Thank you for your responses. Considering together the other reviews and responses, my score is confirmed.

审稿意见
6

This paper analyzes the temporal information in SNNs and establishes its relationship with the membrane decay constant and the number of time-steps. Then the authors propose a novel approach to combine rate and temproal information in SNNs, leveraging it to generate effective gradients for attacking SNNs. The experimental results demonstrate the proposed method achieve the SOTA attack success rate.

优点

  1. This paper is well-written.
  2. The idea of combining rate and temporal information in SNNs is highly noteworthy. The temporal information in SNNs has not been fully utilized in the current model.
  3. The work is solid. The authors provide a rigorous theoretical analysis of the retention degree of temporal information in SNNs and showcase the influencing factors involved.

缺点

  1. My main concern is about equation 8. I find it hard to derive equation 8 by combining equations 1 and 2. I am wondering about the absence of the threshold in equation 8. The authors should clarify why the threshold is not included in equation 8.
  2. The authors primarily focus on demonstrating how the combination of rate temporal information can enhance the attack of SNNs. How about defense? Can the proposed method also be used to improve the robustness of SNNs.

问题

Refer to the weaknesses above. Please provide a more comprehensive explanation of Figure 2(c).

评论

To Reviewer w1gJ

Thanks for your insightful and constructive feedback! We are encouraged that you find our paper novel, solid, well-written and highly noteworthy, as well as providing a rigorous theoretical analysis. We would like to address your concerns and your questions in the following.

Q1: I find it hard to derive equation 8 by combining equations 1 and 2. I am wondering about the absence of the threshold in equation 8. The authors should clarify why the threshold is not included in equation 8.

A1: Thanks for pointing it out. To simplify the subsequent mathematical analysis, we actually set θl=1\theta^l=1 here. We have clarified in page 3 and added detailed derivation in the Appendix, Section A.6.

Q2: How about defense? Can the proposed method also be used to improve the robustness of SNNs.

A2: Thanks for your constructive comment! We have explored the use of images perturbed by the HART gradient as adversarial samples to enhance the robustness of SNNs through adversarial training. Our experiments encompass both vanilla SNNs and robust SNNs obtained via HART adversarial training, evaluated under FGSM and PGD attack scenarios with a white-box setting. We employ the attack success rate as our metric and set λ\lambda to 0.9. As depicted in Table R1, our results demonstrate a significant improvement in the defense capability of robust SNNs across various attack scenarios, including BPTR, STBP, and RGA attacks. Notably, during our adversarial training, we did not introduce adversarial samples specifically tailored to these three mentioned attack algorithms. This finding indicates that HART not only enhances the defense capability of SNNs but also exhibits superior generalization ability, making it applicable for defending against a wide range of attack algorithms.

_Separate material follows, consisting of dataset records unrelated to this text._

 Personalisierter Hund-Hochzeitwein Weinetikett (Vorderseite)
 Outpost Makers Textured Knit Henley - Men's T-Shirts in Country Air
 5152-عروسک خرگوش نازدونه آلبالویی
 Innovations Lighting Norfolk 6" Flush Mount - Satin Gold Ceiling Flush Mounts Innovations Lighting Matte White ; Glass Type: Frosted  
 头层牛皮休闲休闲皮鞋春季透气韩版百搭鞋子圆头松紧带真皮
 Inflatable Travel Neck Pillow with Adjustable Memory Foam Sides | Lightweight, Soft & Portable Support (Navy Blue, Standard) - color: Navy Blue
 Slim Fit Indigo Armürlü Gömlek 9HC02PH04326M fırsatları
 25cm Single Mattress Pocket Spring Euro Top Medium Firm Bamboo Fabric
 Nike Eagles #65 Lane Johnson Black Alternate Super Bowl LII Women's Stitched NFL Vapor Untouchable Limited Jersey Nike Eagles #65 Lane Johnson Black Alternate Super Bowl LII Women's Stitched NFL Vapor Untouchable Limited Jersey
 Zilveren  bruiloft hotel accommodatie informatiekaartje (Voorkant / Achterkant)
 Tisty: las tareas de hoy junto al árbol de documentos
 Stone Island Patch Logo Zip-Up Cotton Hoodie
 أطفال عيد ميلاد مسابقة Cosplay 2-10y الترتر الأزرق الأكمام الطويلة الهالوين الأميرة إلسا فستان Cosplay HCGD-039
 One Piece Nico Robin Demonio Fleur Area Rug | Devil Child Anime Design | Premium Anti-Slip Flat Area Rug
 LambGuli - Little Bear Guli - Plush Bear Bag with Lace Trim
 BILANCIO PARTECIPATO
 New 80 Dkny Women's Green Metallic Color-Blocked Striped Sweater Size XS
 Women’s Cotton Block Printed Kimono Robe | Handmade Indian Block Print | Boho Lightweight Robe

Table R1: Comparison between the vanilla and robust models on the CIFAR-100 dataset.

DatasetmodelArchitectureattackBPTRBPTTRGA
CIFAR-100vanillaVGG-11FGSM92.4792.8894.72
CIFAR-100robustVGG-11FGSM49.0959.3157.45
CIFAR-100vanillaVGG-11PGD99.5999.8699.92
CIFAR-100robustVGG-11PGD*59.5172.4669.36

* denotes a stronger PGD attack (α=2.55,steps=7\alpha=2.55,\text{steps}=7).

Q3: Please provide a more comprehensive explanation of Fig.2(c)\text{(c)}.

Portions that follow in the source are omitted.